We evaluated the clinical features of rostrotentorial IM with concurrent cingulate, transtentorial and foramen magnum herniations and its relevance to postoperative outcomes in cats. The site of IM was the olfactory bulb in three cases, the cerebral fornix in five cases and the falx cerebri in two cases. In cats with rostrotentrial IM, the incidence of cingulate, transtentorial and foramen magnum herniations was 70% (n = 7). Troxel et al 2 reported that concurrent transtentorial herniation was present in 14/33 (42%) cats with IM and that foramen magnum herniation was present in 7/33 cats (21%). The reason why 70% of cats in the present study had concurrent cerebral herniations is unknown, but they may have been associated with slow tumour growth. Because IMs grow over time, foramen magnum herniation is a phenomenon that can occur at the end of the clinical course in cats with rostrotentorial IM.
Clinical signs in cats with IM include decreased consciousness, circling, seizures, gait changes, behavioural abnormalities, and changes in personality and daily habits.1,4,6 The clinical manifestations in dogs with IM include aggression, circling and torticollis, but the most common sign is seizures.10,11 Of our seven cases, we observed visual impairment (71.4%), gait abnormality (57.1%), disturbance of consciousness (somnolence; 28.6%), head pressing (28.6%), paresis (14.3%), torticollis (14.3%) and personality changes (14.3%); the most common sign was visual impairment.

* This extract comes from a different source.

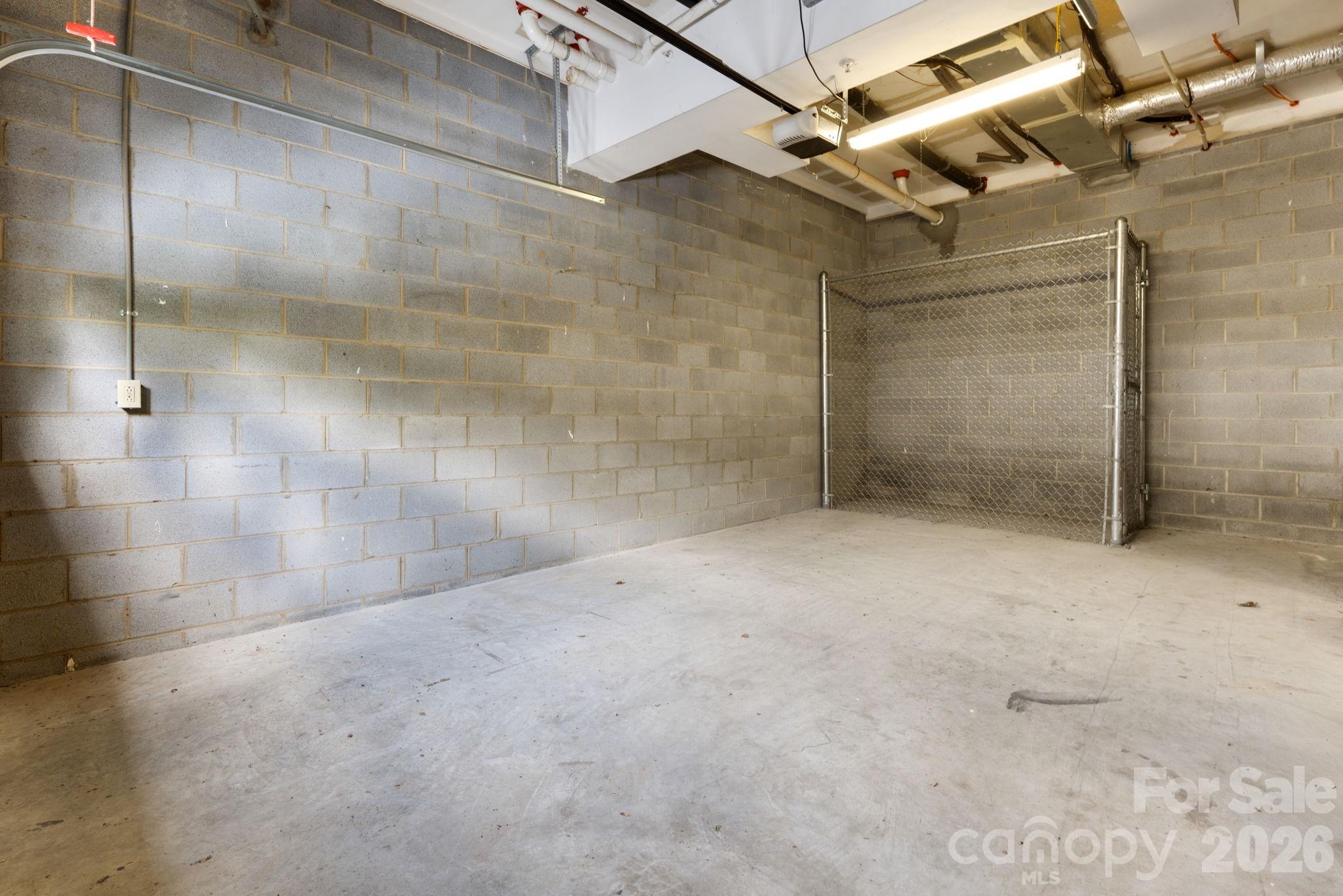 211 Cecil Miller Road #9 — Boone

In all cases, non-specific signs such as weight loss were initially present, followed by gait disorder, somnolence and visual impairment. In general, a progressive increase in tumour size causes neurological abnormalities ranging from local compressive injury of the cerebral cortex to consciousness disorder or visual impairment. Past studies have confirmed that the cerebral cortex and occipital lobe responsible for vision are sensitive to the effects of hypoxia.11–14 The high prevalence of visual impairment in cats with IM in this study may have been related to compression caused by the tumour or its secondary effects (eg, cerebral ischaemia caused by intracranial hypertension).
The reported frequency of consciousness disorder in cats with IM is 0–7%.4,6 In the present study, of the 28.5% of cats with impaired consciousness (somnolence), there was no association with ICP, tumour volume:brain volume ratio or survival time. Therefore, cats with rostrotentorial IM and concurrent cingulate, transtentorial and foramen magnum herniations do not necessarily have impaired consciousness.
In the current study, the average ICP among the cats in which ICP was measured preoperatively was 26.3 mmHg, confirming the presence of intracranial hypertension, and the CPP ranged from 47 to 58 mmHg. The CPP is calculated as the difference between the MAP and ICP. In general, physiological abnormalities are created within the brain when the CPP falls below 60–70 mmHg.15,16 When the CPP is severely reduced, the Cushing reflex occurs to prevent cerebral ischaemia and the CPP is maintained. 17 Based on the mean blood pressure and heart rate before tumour resection, four cats in this study did not appear to have the Cushing reflex. These findings suggest that the minimum cerebral blood flow rate was maintained during tumour removal, which may explain why the Cushing phenomenon did not develop. As findings suggesting the Cushing phenomenon were not observed during surgery, the decrease in CPP measured during this time was likely caused by transient mild hypotension accompanying anaesthesia.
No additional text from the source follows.